Researchers are studying objects from an ancient village to find out how people lived thousands of years ago.
Map of England showing the location of Must Farm with insets showing surrounding cities and the location within Europe.
Encyclopædia Britannica, Inc.
Researchers are studying what’s left of a village now known as Must Farm. This map shows its location in England.

Imagine going back in time to the year 850 BCE. Researchers can’t time travel, but they’re doing the next best thing by studying the remains of an ancient village in England that’s remarkably well preserved.

Archaeologists, scientists who study human history, say that the village was abandoned more than 2,800 years ago when a huge fire broke out. Residents quickly escaped, leaving all their belongings behind. The village, now known as Must Farm, wasn’t discovered until 1999. Although its contents are burned, they’re still in remarkably good condition. That’s because the village sits on wetlands, where the level of oxygen—which breaks down materials like wood and cloth—is low.

Researchers unearthed what is left of four roundhouses that had been built with wood, straw, earth, and clay. At one time there were probably twice that many houses, and all were surrounded by a 6.5-foot (2-meter) fence. Researchers also found ceramic pots, neatly sewn linen items (possibly clothing), tools, and wooden bowls and buckets. There were clues about the villagers’ daily habits, too.

“On the bottom of [one of those buckets] were loads and loads of cut marks, so we know that people living in that…kitchen…were just flipping that bucket upside down and using that as a chopping surface,” archaeologist Chris Wakefield told CNN.

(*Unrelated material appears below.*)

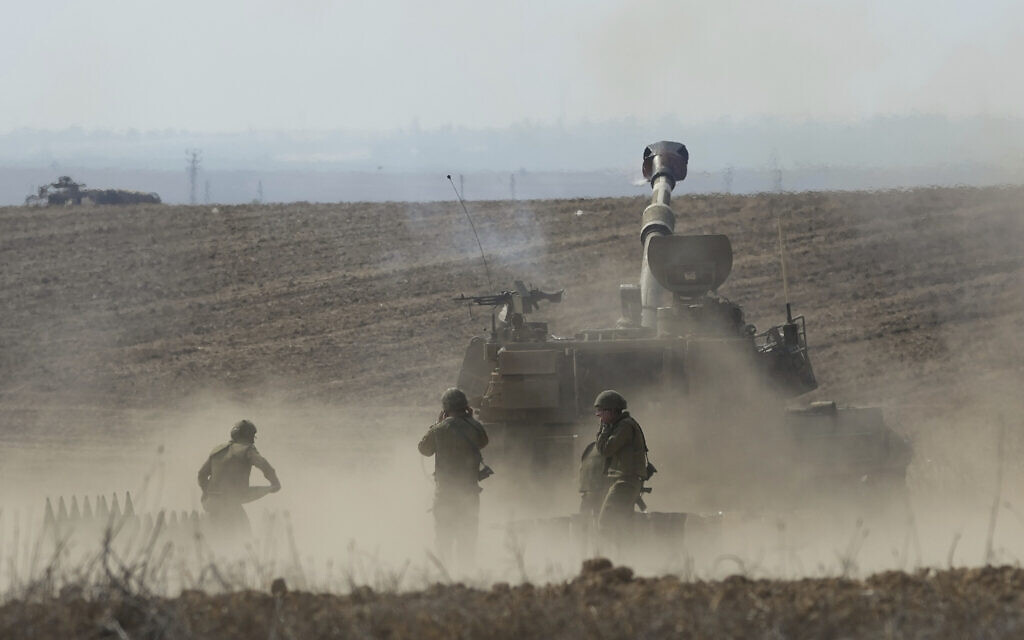 Une unité d'artillerie mobile israélienne a tiré un obus depuis le sud d'Israël vers la bande de Gaza, dans une position près de la frontière entre Israël et Gaza, en Israël, le 11 octobre 2023. (Crédit  : Erik Marmor/AP)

Some of the items held clues about what the people ate. One bowl had the remains of a wheat porridge with animal fat. Others, which were studied in a lab, had traces of deer meat and honey.

Researchers say it’s rare to find an ancient site that’s so well preserved.

“In a typical…site, if you’ve got a house, you’ve probably got maybe a dozen post holes in the ground and they’re just dark shadows of where it once stood,” Wakefield said. “This was the complete opposite of that process. It was just incredible.”

Click through the slideshow, which features some of the items found at Must Farm.

Dr. Colleen Morgan (CC BY 2.0),  Cmglee (fish, shears, swords, pottery, boat) (CC BY-SA 4.0)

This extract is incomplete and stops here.